### [Task description]
Nothing in the records may be changed; reproduce all of them.

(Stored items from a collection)
________________
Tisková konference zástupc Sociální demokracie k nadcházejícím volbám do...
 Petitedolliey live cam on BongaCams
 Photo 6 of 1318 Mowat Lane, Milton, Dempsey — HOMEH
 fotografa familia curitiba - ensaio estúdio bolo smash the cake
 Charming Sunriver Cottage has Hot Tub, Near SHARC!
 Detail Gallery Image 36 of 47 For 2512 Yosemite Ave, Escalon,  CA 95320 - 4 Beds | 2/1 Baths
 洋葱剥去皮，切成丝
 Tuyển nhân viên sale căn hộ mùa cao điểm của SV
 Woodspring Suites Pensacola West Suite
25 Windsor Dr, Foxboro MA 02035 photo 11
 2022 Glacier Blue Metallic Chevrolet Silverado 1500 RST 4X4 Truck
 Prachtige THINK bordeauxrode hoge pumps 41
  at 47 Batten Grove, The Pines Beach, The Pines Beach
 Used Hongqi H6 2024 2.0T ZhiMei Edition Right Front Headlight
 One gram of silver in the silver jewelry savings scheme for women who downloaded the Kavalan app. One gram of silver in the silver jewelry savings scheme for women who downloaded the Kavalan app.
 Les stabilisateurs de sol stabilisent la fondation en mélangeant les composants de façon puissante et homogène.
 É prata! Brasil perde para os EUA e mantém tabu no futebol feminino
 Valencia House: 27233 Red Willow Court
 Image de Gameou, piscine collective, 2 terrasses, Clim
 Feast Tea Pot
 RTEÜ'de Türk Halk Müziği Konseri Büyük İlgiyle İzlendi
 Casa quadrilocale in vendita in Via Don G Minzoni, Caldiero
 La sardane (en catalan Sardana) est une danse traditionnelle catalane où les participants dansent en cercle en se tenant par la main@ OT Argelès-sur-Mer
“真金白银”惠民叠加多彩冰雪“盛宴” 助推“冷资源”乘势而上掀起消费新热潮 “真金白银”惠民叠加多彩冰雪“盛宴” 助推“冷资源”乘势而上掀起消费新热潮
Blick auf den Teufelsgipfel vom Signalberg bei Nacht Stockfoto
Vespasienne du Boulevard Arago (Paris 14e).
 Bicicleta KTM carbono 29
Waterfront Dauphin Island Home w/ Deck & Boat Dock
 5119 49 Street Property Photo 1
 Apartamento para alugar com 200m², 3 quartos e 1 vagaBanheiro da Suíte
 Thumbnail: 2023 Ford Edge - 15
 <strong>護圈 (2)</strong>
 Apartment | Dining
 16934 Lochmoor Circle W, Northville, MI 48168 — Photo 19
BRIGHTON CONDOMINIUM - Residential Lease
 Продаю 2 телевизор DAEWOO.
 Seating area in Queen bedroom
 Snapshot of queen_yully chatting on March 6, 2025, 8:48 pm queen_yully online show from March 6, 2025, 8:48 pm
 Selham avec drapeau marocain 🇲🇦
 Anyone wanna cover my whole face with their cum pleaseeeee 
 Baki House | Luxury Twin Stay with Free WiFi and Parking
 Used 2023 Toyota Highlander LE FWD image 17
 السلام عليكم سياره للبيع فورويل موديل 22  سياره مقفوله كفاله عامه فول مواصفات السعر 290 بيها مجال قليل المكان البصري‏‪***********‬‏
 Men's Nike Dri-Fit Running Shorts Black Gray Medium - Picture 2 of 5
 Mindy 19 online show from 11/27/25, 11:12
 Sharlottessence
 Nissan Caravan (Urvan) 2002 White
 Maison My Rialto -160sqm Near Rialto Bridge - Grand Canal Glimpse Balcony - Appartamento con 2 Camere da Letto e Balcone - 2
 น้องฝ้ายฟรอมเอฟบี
________________
### [Written response]
Tisková konference zástupc Sociální demokracie k nadcházejícím volbám do...
 Petitedolliey live cam on BongaCams
 Photo 6 of 1318 Mowat Lane, Milton, Dempsey — HOMEH
 fotografa familia curitiba - ensaio estúdio bolo smash the cake
 Charming Sunriver Cottage has Hot Tub, Near SHARC!
 Detail Gallery Image 36 of 47 For 2512 Yosemite Ave, Escalon,  CA 95320 - 4 Beds | 2/1 Baths
 洋葱剥去皮，切成丝
 Tuyển nhân viên sale căn hộ mùa cao điểm của SV
 Woodspring Suites Pensacola West Suite
25 Windsor Dr, Foxboro MA 02035 photo 11
 2022 Glacier Blue Metallic Chevrolet Silverado 1500 RST 4X4 Truck
 Prachtige THINK bordeauxrode hoge pumps 41
  at 47 Batten Grove, The Pines Beach, The Pines Beach
 Used Hongqi H6 2024 2.0T ZhiMei Edition Right Front Headlight
 One gram of silver in the silver jewelry savings scheme for women who downloaded the Kavalan app. One gram of silver in the silver jewelry savings scheme for women who downloaded the Kavalan app.
 Les stabilisateurs de sol stabilisent la fondation en mélangeant les composants de façon puissante et homogène.
 É prata! Brasil perde para os EUA e mantém tabu no futebol feminino
 Valencia House: 27233 Red Willow Court
 Image de Gameou, piscine collective, 2 terrasses, Clim
 Feast Tea Pot
 RTEÜ'de Türk Halk Müziği Konseri Büyük İlgiyle İzlendi
 Casa quadrilocale in vendita in Via Don G Minzoni, Caldiero
 La sardane (en catalan Sardana) est une danse traditionnelle catalane où les participants dansent en cercle en se tenant par la main@ OT Argelès-sur-Mer
“真金白银”惠民叠加多彩冰雪“盛宴” 助推“冷资源”乘势而上掀起消费新热潮 “真金白银”惠民叠加多彩冰雪“盛宴” 助推“冷资源”乘势而上掀起消费新热潮
Blick auf den Teufelsgipfel vom Signalberg bei Nacht Stockfoto
Vespasienne du Boulevard Arago (Paris 14e).
 Bicicleta KTM carbono 29
Waterfront Dauphin Island Home w/ Deck & Boat Dock
 5119 49 Street Property Photo 1
 Apartamento para alugar com 200m², 3 quartos e 1 vagaBanheiro da Suíte
 Thumbnail: 2023 Ford Edge - 15
 <strong>護圈 (2)</strong>
 Apartment | Dining
 16934 Lochmoor Circle W, Northville, MI 48168 — Photo 19
BRIGHTON CONDOMINIUM - Residential Lease
 Продаю 2 телевизор DAEWOO.
 Seating area in Queen bedroom
 Snapshot of queen_yully chatting on March 6, 2025, 8:48 pm queen_yully online show from March 6, 2025, 8:48 pm
 Selham avec drapeau marocain 🇲🇦
 Anyone wanna cover my whole face with their cum pleaseeeee 
 Baki House | Luxury Twin Stay with Free WiFi and Parking
 Used 2023 Toyota Highlander LE FWD image 17
 السلام عليكم سياره للبيع فورويل موديل 22  سياره مقفوله كفاله عامه فول مواصفات السعر 290 بيها مجال قليل المكان البصري‏‪***********‬‏
 Men's Nike Dri-Fit Running Shorts Black Gray Medium - Picture 2 of 5
 Mindy 19 online show from 11/27/25, 11:12
 Sharlottessence
 Nissan Caravan (Urvan) 2002 White
 Maison My Rialto -160sqm Near Rialto Bridge - Grand Canal Glimpse Balcony - Appartamento con 2 Camere da Letto e Balcone - 2
 น้องฝ้ายฟรอมเอฟบี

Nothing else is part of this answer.